This study was conducted to investigate the damage caused by vanadium compounds and to explore the protective effects of berberine (BBR) in human umbilical vein endothelial cells (HUVECs). BBR is a biologically active small molecule found in Coptis rhizome, a remedy used in traditional Chinese medicine to treat diabetes. BBR has also been shown to lower blood glucose in diabetic patients. MTT assay was performed to observe the influence of bis(acetylacetonato)-oxidovanadium [VO(acac)₂] or sodium metavanadate (NaVO₃) and BBR on viability of HUVECs. The monolayer permeability of the HUVECs was assessed by measuring the transendothelial electrical resistance (TER). The endothelial nitric oxide synthase (eNOS) activity was detected by ELISA. Flow cytometry was performed to detect the generation of reactive oxygen species (ROS). The results showed that the viability of HUVECs was decreased by treatment with vanadium compounds 50–400 μM in a concentration-dependent manner, while 0.01–1 μM BBR effectively protected HUVECs from the inhibitory effects of vanadium compounds on cell viability. Also 100 and 200 μM VO(acac)₂ induced high permeability and decreased eNOS activity in HUVECs. While 0.01–1 μM BBR showed no improvement in the permeability, and failed to reverse the VO(acac)₂-induced changes of eNOS activity, but BBR treatment increased the eNOS activity in control cells. The addition of 200 μM VO(acac)₂ significantly induced ROS generation in HUVECs, while 0.01 or 0.1 μM BBR reversed the change of ROS. In summary, BBR has protective effects in HUVECs damage induced by vanadium compounds, which is not mediated by eNOS, but related to reduced intracellular ROS.

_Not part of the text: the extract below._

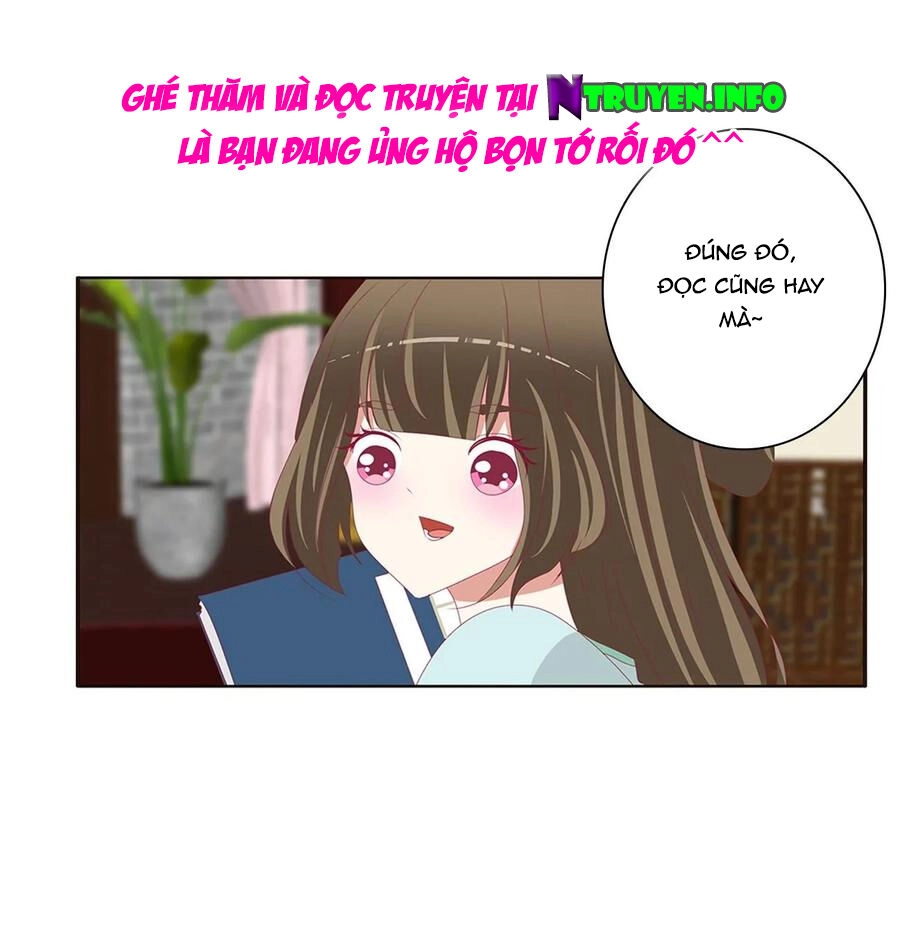 Thông Linh Phi Chapter 606 - 16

进行这项研究以调查钒化合物造成的损害，并探讨小ber碱（BBR）对人脐静脉内皮细胞（HUVEC）的保护作用。BBR是在黄连中发现的一种具有生物活性的小分子，黄连是传统中药用于治疗糖尿病的药物。BBR也已显示可降低糖尿病患者的血糖。进行MTT分析以观察双（乙酰丙酮基）-氧化钒[VO（acac）₂ ]或偏钒酸钠（NaVO ₃）和BBR对HUVEC生存力的影响。HUVEC的单层渗透性是通过测量跨内皮电阻（TER）来评估的。通过ELISA检测内皮一氧化氮合酶（eNOS）活性。进行流式细胞术以检测活性氧（ROS）的产生。结果表明，以浓度依赖性方式用50–400μM钒化合物处理可降低HUVEC的活力，而0.01–1μMBBR可有效保护HUVEC免受钒化合物对细胞活力的抑制作用。在HUVEC中，100和200μMVO（acac）₂也会诱导高渗透性并降低eNOS活性。虽然0.01–1μMBBR的渗透率没有改善，但无法逆转VO（acac）₂-诱导的eNOS活性变化，但是BBR处理增加了对照细胞中的eNOS活性。添加200μMVO（acac）_2可显着诱导HUVEC中ROS的生成，而0.01或0.1μMBBR可逆转ROS的变化。总之，BBR对钒化合物引起的HUVEC损伤具有保护作用，这不是由eNOS介导的，而是与细胞内ROS降低有关。